化学工学の目的が「組成制御」から「構造制御」に向けて発展すべき現在,工学基礎としてまず求められるのは,[相互作用集団]×[外場]=[構造制御]の方程式であろう。つまり,相互作用を及ぼし合う要素─例えば分子やナノ粒子など―の集団が,ナノ空間や固体基板上などの外的ポテンシャルエネルギー場におかれたときに,どのように相転移や構造化を生じるのか,といった現象を,見出し,そして理解し,さらにはそのメカニズムを定量的にモデル化することが求められる。
当研究室では,このような広義の「界面」における「外場」の積極利用に着目して,その効果が強調されるナノスケール空間を舞台に,その場特有の分子/イオン/ナノ粒子の挙動と構造について分子・粒子シミュレーションと実験を併用した解析・モデル化に取り組んでおり,界面と構造の関わる化学工学基礎の体系化を目指すとともに,機能材創製と界面利用各種デバイスへの応用を視野に研究している。研究テーマ概要を以下に紹介する。

  • ナノ空間内での相転移現象の分子シミュレーション,モデル化およびナノ細孔評価

    MCM-41や均質ナノ多孔性炭素など,ナノ空間材料の開発がめざましい。その応用展開には,ナノ空間場での分子集団相挙動の理解が重要である。一成分系の気液,固液,固気転移,二成分系での液液転移などを対象に,相挙動を分子レベルで解析し,現象を予測可能な工学的モデル化と実験的検証を図るとともに,N2やAr吸着によるナノ細孔評価法の飛躍的な精度向上に取り組む。

  • 柔軟ナノ多孔体の吸着誘起構造転移の解明

    結晶性多孔体がその骨格構造を転移させることでステップ的な吸脱着を示す「柔軟な」多孔体が,特に,金属-有機配位子錯体(MOF)材料に見られ,分離材/吸蔵材として期待される。分子シミュレーションと自由エネルギー解析を駆使してその起源と機構の定量的解明を図り,合理的・効率的な材料設計の指針確立を目指す。

  • ナノ粒子による外場での自発的構造形成

    100 nmオーダー以下の,広義のナノ粒子の配位構造を制御しつつ集積を行うことで,種々の機能性材料が創製可能と期待されている。基板引力による吸着場,基板上を濡らす液膜場などを外場として利用する集積法を対象に,操作因子と生成構造との因果関係を実験的に検討し,またブラウン動力学法を基礎に秩序構造形成過程の理解とモデル化に取り組む。

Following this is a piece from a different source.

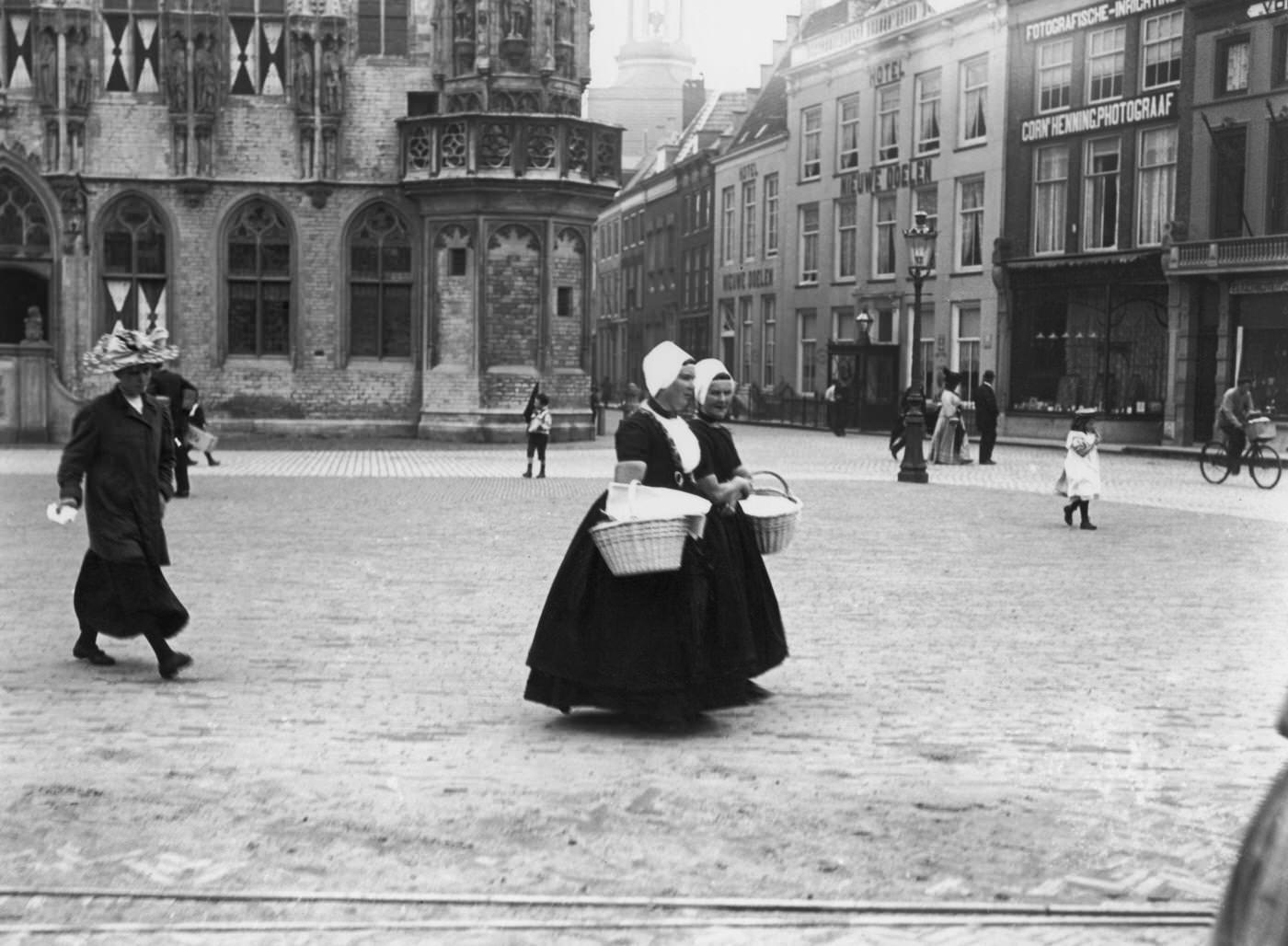 #85 Pair of Dutch women carrying baskets crossing a town square, Netherlands, 1900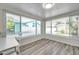 Bright sunroom featuring multiple large windows for ample natural light at 1117 Tyrone N Blvd, St Petersburg, FL 33710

  • マイクロおよびナノリアクタによる機能粒子創製

    特異な機能が期待されるナノ粒子を始め,種々の機能性材料創製の鍵は,構造の元となる核生成過程の制御にある。マイクロ流路の強混合場やデンドリマ等のナノ空間を反応場に活用し,バルク相での均一核発生および界面での不均一核発生などの素過程について,実験及びシミュレーションの両面からの研究を展開する。